Et ce qui m’agace, c’est le manque d’amabilité des vendeurs dans les magasins, et plus encore, quand on me dit « Ce n’est pas grave » alors qu’on est fautif.
Je reste très japonaise, je ne sais pas être comme les françaises, même si je les admire car elles disent facilement ce qu’elles pensent. J’aimerais oser plus m’exprimer, je n’y arrive pas toujours. Au moins, je ne dis pas « Ce n’est pas grave » !

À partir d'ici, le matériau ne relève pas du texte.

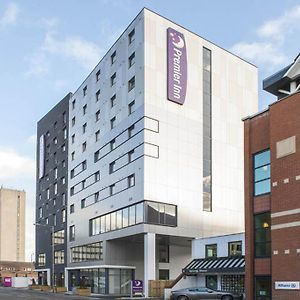 Premier Inn Woking Town Centre Exterior photo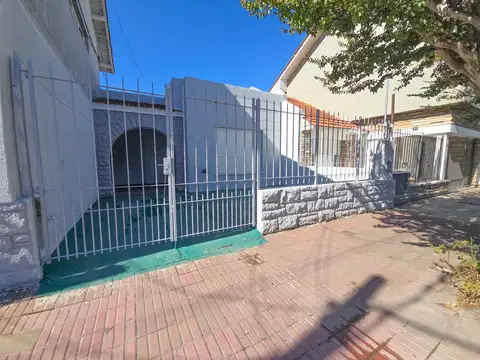 Chalet PH frente 3 amb. c/patio y e/ de auto - 12 de Octubre y Galicia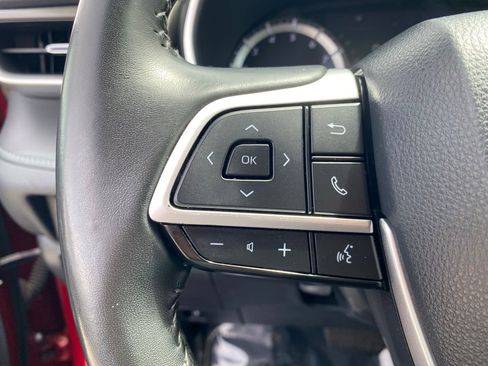 Used 2022 Toyota Highlander XLE AWD/4WD image 14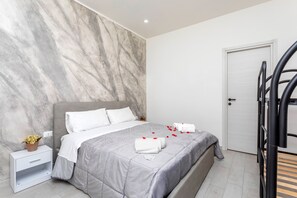 Tabla de planchar con plancha, wifi y ropa de cama 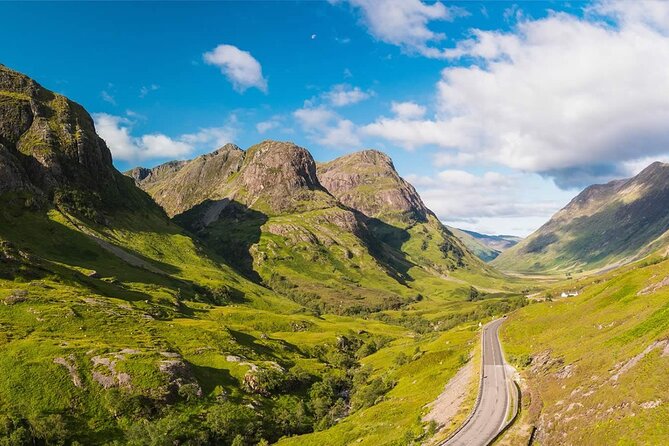 Full-Day Oban Castles and Glencoe Guided Tour from Glasgow - Oban in 90 Minutes: Seafood Port, Ferry Hub, and Real Town Energy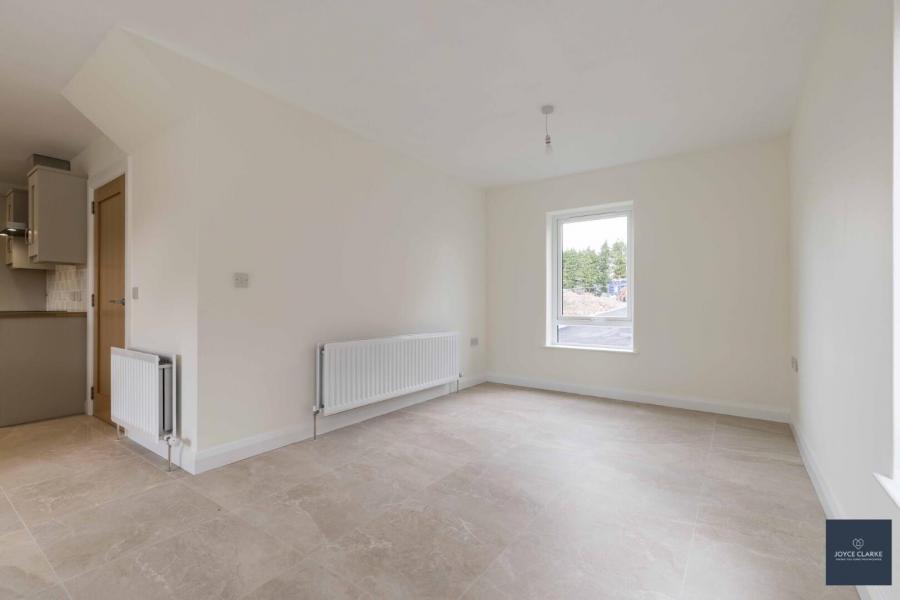 2, Clover Heights (includes Garden Room )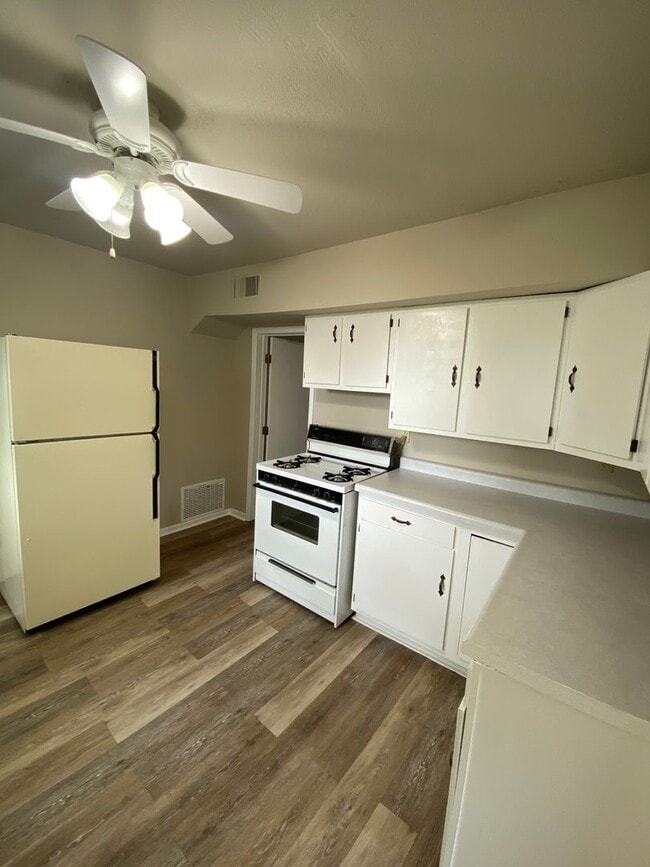 Building Photo - 2 Bedroom on the East Side - Fenced In Back Yard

Quand mon premier fils était bébé, j’ai eu souvent des questions du type « Pourquoi tu ne travailles pas ? Tu fais quoi dans la journée ? ». Je trouvais cela pénible à entendre, de devoir toujours me justifier alors que c’ était mon choix. Je ne le vivais pas très bien, j’en garde encore un très mauvais souvenir quand j’y pense, comme si on m’avait accusée de ne pas faire comme tout le monde.
J’ai de bons souvenirs ici, des souvenirs de vacances en Ardèche, à Saint Malo, à la montagne.
J’aime beaucoup la nourriture française, les pâtisseries, le vin, le fromage, la crème fraîche car Raphaël est normand. Côté culture, il y a beaucoup de concerts à des prix abordables, ce qui n’est pas le cas au Japon.
Mes amis japonais et ma famille me manquent, la nourriture également, surtout le poisson cru de bonne qualité, mais depuis quelques années, on trouve de plus en plus de bons produits japonais en France.
Un jour peut-être nous repartirons, à Taiwan, ou au Brésil, c’était notre projet initial, il y a une grande communauté de japonais qui perpétue une forme de musique japonaise là-bas, ça m’intéresse.
Cela dépendra des opportunités pour mon mari, du moment qu’il est heureux, je le suis. Dans mes valises il y aura beaucoup de choses, du vin, du fromage, de la charcuterie… et des partitions de mélodies françaises.
Merci à mon amie Marie de l'association Musubi de m'avoir fait rencontrer Eri.